The past is a lucrative country; they do things deliciously there. So runs one of the unsinkable maxims of 21st-century British television. Or at least it seemed unsinkable until ITV's Titanic: finishing tonight, the multi-decked extravaganza's ratings have drowned amid a vortex of so-so reviews and bad seafaring puns. Which might make you wonder: is the period drama set for a fall from grace to rival that of Tess of the d'Urbervilles?
Not on your nelly, we say: and not just because Sunday evenings without ironed newspapers and bumptious scullery maids are as unimaginable to us as Sunday mornings without tepid Irn-Bru and residual guilt. Rather, Titanic is a mere blip in the ravenous national appetite for frou-frou escapism reaching back to time immemorial. Or, say, 1969, a year which saw Woodstock, the first man on the moon, and 18 million viewers sweering at the Victorian bourgeoisie in BBC1's The Forsyte Saga. And by sweering, we mean that facially strenuous, dual act of sneering and swooning that's common to all self-respecting period-drama viewers.
Which isn't to say the genre hasn't continually adapted to modern tastes. In the 1980s, there was the Thatcherite-friendly, unalloyed aristo-adoration of Brideshead Revisited; in the Cool Britannia 1990s, Andrew Davies sexing up Dickens and Austen with wet shirts and anachronism. And in the ironic now, Julian Fellowes throwing aside the literary canon completely and embracing the absurdities of soap opera. So when when mealy-mouthed critics turned on Downton Abbey for turning into Dynasty in its second series, they were both spot-on and entirely missing the point.
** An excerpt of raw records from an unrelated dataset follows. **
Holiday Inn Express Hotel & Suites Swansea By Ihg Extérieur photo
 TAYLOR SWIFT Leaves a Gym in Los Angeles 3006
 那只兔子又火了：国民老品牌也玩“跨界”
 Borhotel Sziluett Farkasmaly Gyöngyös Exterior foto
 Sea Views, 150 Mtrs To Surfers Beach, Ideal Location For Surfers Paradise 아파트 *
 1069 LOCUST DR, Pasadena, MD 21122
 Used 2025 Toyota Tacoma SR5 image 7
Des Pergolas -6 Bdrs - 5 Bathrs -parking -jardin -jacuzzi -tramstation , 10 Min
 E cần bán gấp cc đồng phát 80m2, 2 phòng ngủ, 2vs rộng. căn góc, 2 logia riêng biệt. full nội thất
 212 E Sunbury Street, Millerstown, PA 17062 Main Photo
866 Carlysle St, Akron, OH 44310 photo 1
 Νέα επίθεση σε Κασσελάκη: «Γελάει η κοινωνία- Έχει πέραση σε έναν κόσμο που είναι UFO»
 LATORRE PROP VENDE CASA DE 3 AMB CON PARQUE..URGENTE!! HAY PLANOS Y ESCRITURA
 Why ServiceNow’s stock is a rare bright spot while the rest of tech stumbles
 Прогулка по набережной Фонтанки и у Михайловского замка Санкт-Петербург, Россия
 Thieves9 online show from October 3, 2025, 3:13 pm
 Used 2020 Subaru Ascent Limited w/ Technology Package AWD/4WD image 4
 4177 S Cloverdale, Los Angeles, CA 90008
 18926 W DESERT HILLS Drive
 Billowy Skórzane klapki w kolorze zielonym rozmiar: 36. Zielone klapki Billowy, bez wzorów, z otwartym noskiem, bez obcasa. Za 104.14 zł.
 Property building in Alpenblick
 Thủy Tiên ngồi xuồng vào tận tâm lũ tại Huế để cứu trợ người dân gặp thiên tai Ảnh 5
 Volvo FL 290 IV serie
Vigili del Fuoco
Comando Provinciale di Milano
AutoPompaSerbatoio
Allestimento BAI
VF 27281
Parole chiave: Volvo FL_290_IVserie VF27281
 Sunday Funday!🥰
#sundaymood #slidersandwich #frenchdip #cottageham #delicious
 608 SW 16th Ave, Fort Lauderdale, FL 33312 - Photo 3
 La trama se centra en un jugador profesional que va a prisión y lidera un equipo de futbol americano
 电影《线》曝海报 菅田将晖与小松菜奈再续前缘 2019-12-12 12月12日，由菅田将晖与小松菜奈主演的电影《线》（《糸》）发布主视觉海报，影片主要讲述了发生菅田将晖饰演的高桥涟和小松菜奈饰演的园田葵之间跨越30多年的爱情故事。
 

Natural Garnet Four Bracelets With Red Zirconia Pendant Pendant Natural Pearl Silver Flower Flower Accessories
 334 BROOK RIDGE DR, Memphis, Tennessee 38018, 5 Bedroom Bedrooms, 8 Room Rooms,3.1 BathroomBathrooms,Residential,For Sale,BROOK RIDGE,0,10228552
Jules aside, meanwhile, the retro times continue to roll, from the 1950s heartstring-tugging of Call the Midwife to the 1960s tumbler-clinking of Mad Men. Oh, and it's noticeable that today's period pieces are edging ever closer towards our own era in servicing the demands of both nostalgia and "relatability". That Britpop melodrama is but a fortysomething commissioner's heartbeat away.